In the work of restoring streams and creeks there is a thing called ‘daylighting’. It refers to restoring waterways that have been diverted underground through pipelines and culverts. The daylighting occurs when they can once again flow above ground as water ways.
So with that in mind I want to talk about how we might bust open the pipeline of uselessness that is our education and career pathways for young people in Aotearoa New Zealand.
It is time to call it out.
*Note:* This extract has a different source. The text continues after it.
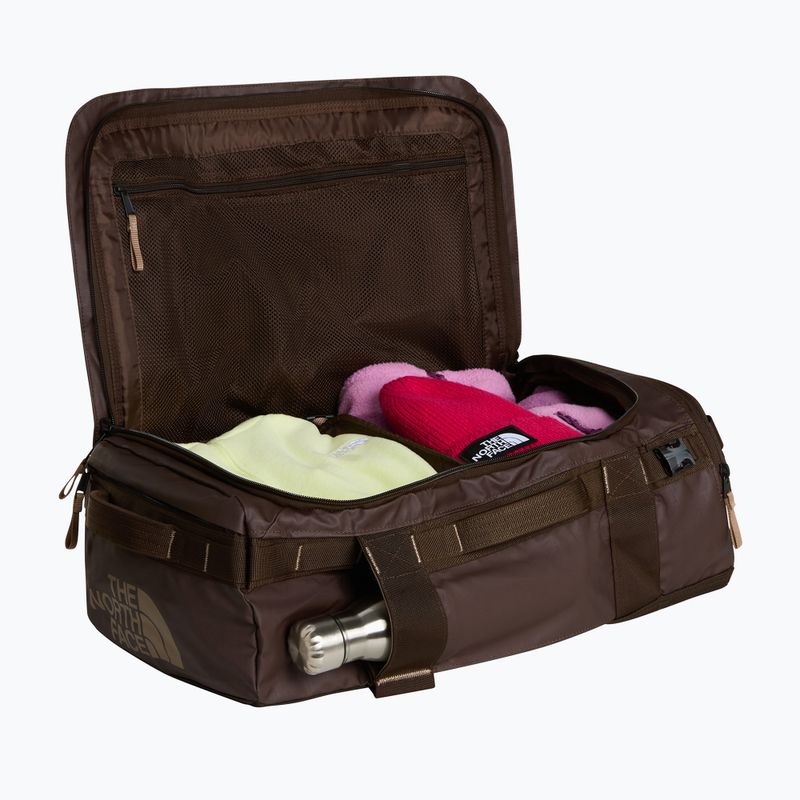 Travel bag The North Face Base Camp Voyager Duffel 32 l dark chestnut/garnet 7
For more than 20 years we have established a pipeline of uselessness through education and workplaces in Aotearoa.
We have been educating people with information that does not turn into skills and does not equip them for jobs, workplaces and the world.
We have created endless tiers of management, where people do not produce anything.
Ask the majority of secondary, tertiary students, and employers if they think their education is equipping people well for work and the world, and they will offer you a resounding NO.
And yet it continues, on and on.
It all began to really turn to custard towards the end of the 20th century. As the new millennium dawned, some bright sparks in government decided they would jump on the neo-liberal machine and turn tertiary education into something that would make money… at any cost.
So to some extent, there were elements of this that were a good idea. Why not earn income from international students? And to do this one had to head higher up the rankings of universities internationally. Maybe that could be a good idea too.
However, as is often the way with government policies, it was a sledgehammer to crack a nut approach.
Around this time my own alma mata, AIT polytech, became AUT University, God Bless Them.
The transition showed just how myopically focused (and how much the same!) academics and bureaucrats can be. They made sure funding was all about research outputs and bums on seats, and sweet FA about quality teaching, or adapting curricula for fast changing world and employment markets.
Any sense of graduates gaining skills and mindsets for the new working world and fast emerging ‘gig’ economy were no where in sight.
And on their merry way they trundled through the 2000s.
Every year, tertiary education became less and less relevant to the market.
Every year more and more degrees and courses were created.
Every year universities, polytechnics and private providers spread campuses up and down the country, offering a multitude of courses that competed with one another, with pipelines to jobs that no longer existed, at least not in the form they were being taught.
Every year more and more graduates were ‘qualified’ for specific roles that were diminishing.
Every year, the expectations of graduates rose, as they sought employment in so called ‘management’ roles because these attracted better salaries, and after all that was their due, after paying thousands and thousands in student fees. Why wouldn’t you?
At one point it really came home to a group of us who were ex-industry professionals helping run a journalism programme that had become a degree at AUT when we noticed all the applicants for a media award for a ‘senior’ journalist were in their early to mid 20s. The career path to someone being ‘senior’ and then on to management had grown much faster, so that people could follow the salary band, all with limited experience.
And so we also started to see more and more of the “Peter Principle” , the concept dreamed up in the late 1960s as a satirical idea about managers rising to the level of their incompetence. The principle fast turned from satire to a sad reality.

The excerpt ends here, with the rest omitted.